The Nigerian insurance regulatory body NAICOM is reportedly planning to create a new framework for insurance pricing in the country to ensure risks are adequately priced over concerns that current rates are unsustainable, according to Vanguard.
An anonymous source told Vanguard; “If you look at some of the key accounts in the industry, you will find out that the claim ratio is more than 200 percent.
“Unfortunately, at renewal, the insurers will charge a rate lower than the previous year. Such occurrences have prompted the regulator to take the issue of pricing serious which is one of the things that the regulator will look at next year.”
Another anonymous operator said; “we are going to start charging the right premium rate from next year because one of the things that is affecting us is that we are not charging the right premium rates.
“Operators have held series of meetings with the regulator as regards that and NAICOM has set a target on premium for the industry going forward.’’
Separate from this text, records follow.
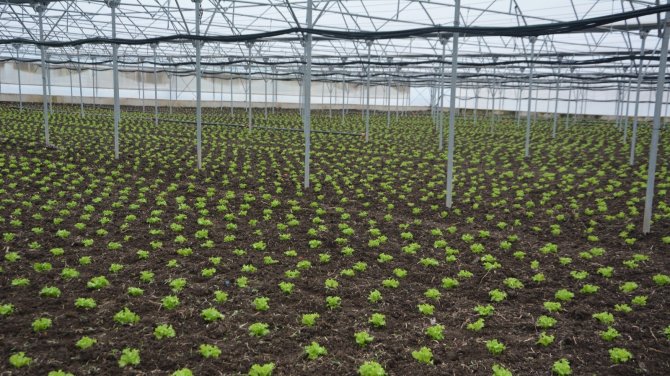 Türkiye’nin Marulu 19 Mayıs’tan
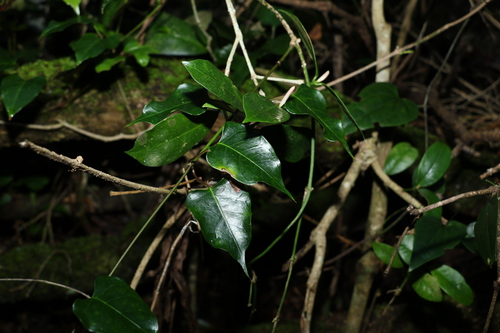 Image of Parsonsia longipetiolata by (c) Greg Tasney, some rights reserved (CC BY-SA)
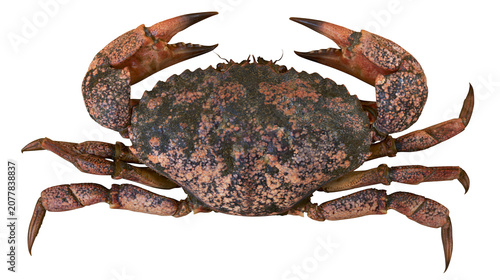 Εκτύπωση καμβά Brown speckled crab with large claws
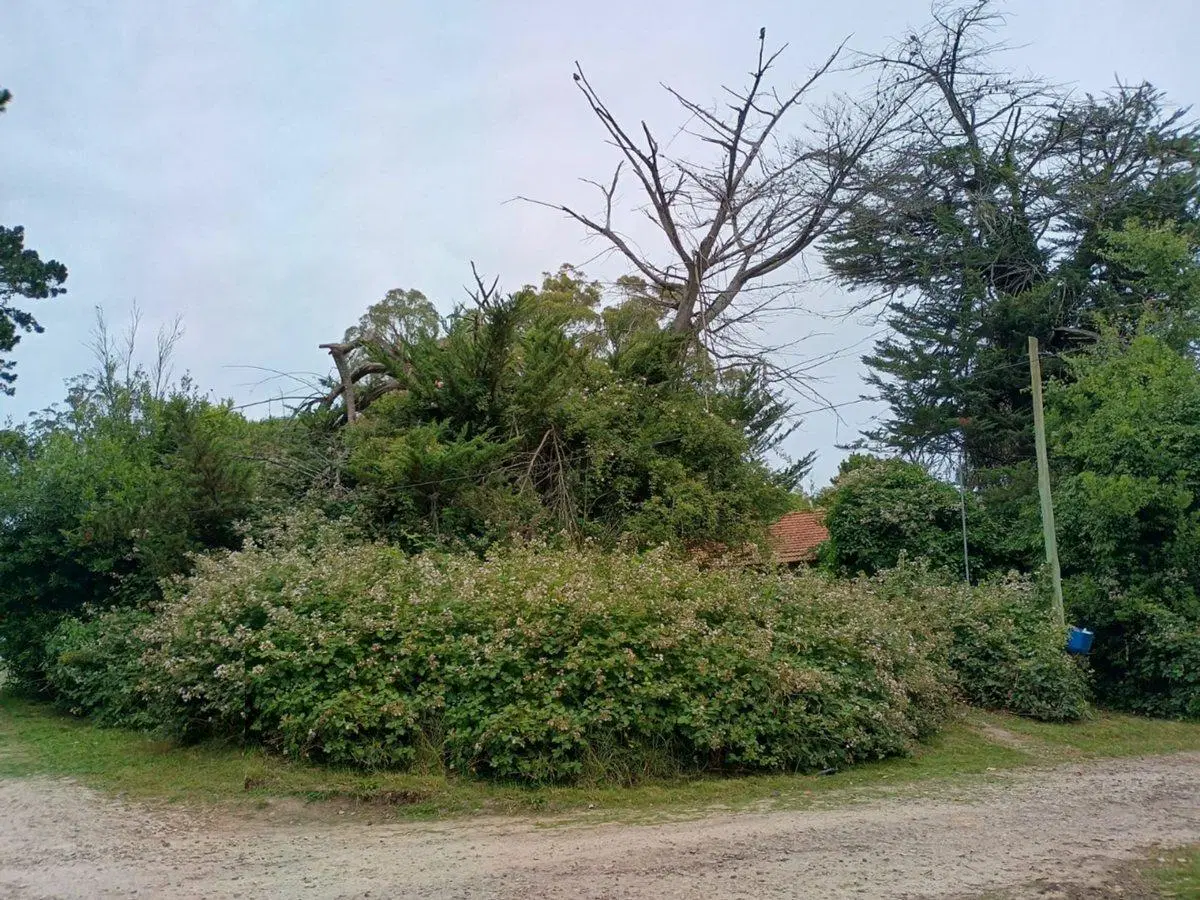 VENTA 2 LOTES EN BOSQUE PERALTA RAMOS 4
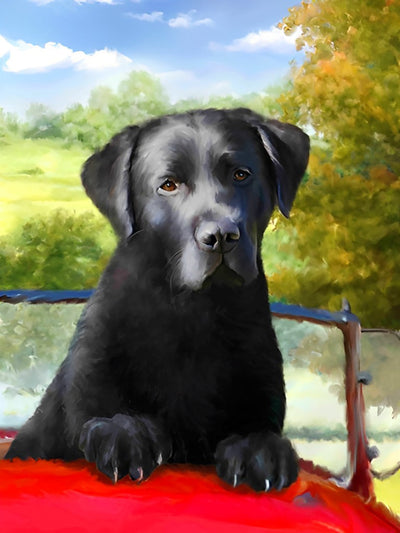 Chien Labrador Noir dans la Voiture Broderie Diamant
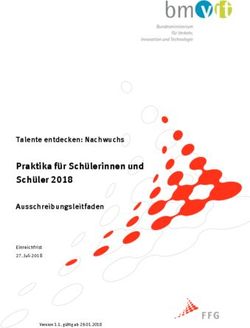 Praktika für Schülerinnen und Schüler 2018 - Talente entdecken: Nachwuchs Ausschreibungsleitfaden - FFG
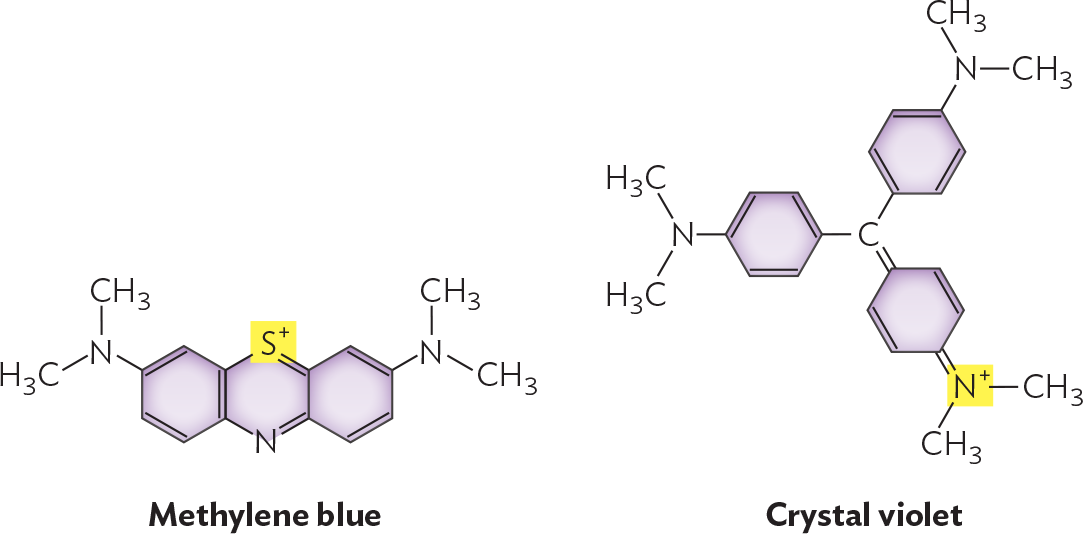 Illustrations of the chemical structures of methylene blue and crystal violet.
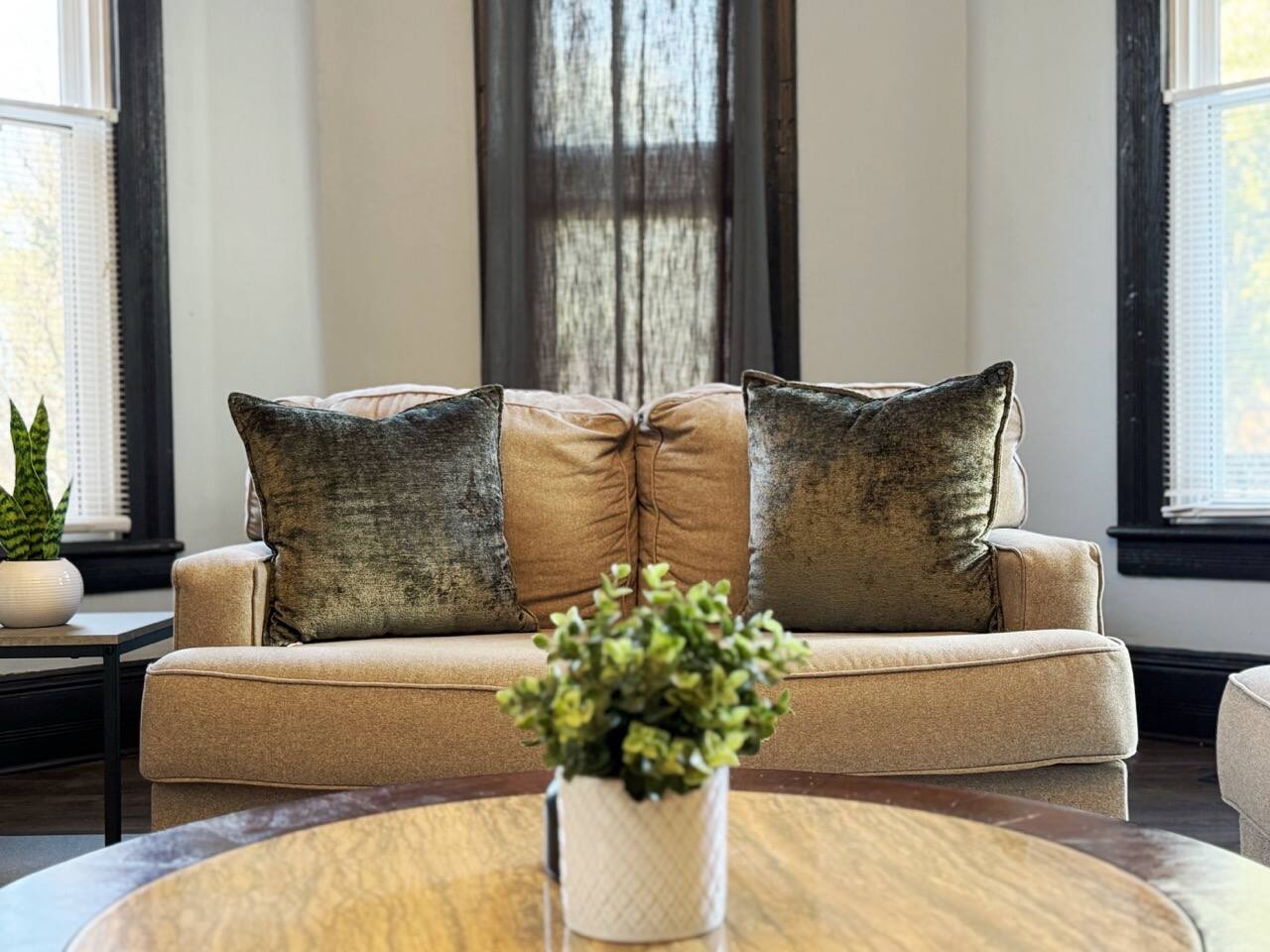 Chandler Studio Apartments photo 2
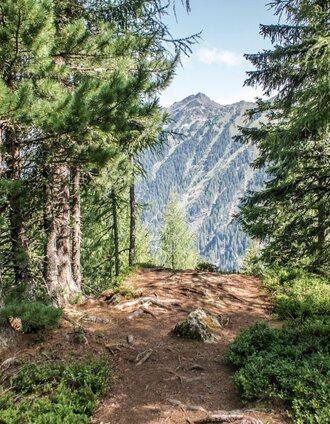 Lookout to Obertal valley along the trail to Duisitzkar lake | Gerhard Pilz | © Tourismusverband Schladming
In addition to ensuring adequate re/insurance pricing, a recent focus of the Nigerian federal government, together with Africa Re, and the World Bank, has been on improving insurance penetration levels among farmers through affordable insurance packages.
Increased agricultural insurance penetration is expected to play a crucial role in driving the Nigerian federal government’s agricultural transformation and financial inclusion agenda – thus the country represents a growth opportunity for re/insurers in coming years.
As a fast-growing country with a population of 180 million, the potential for the personal and life insurance market share is still largely untapped by re/insurers.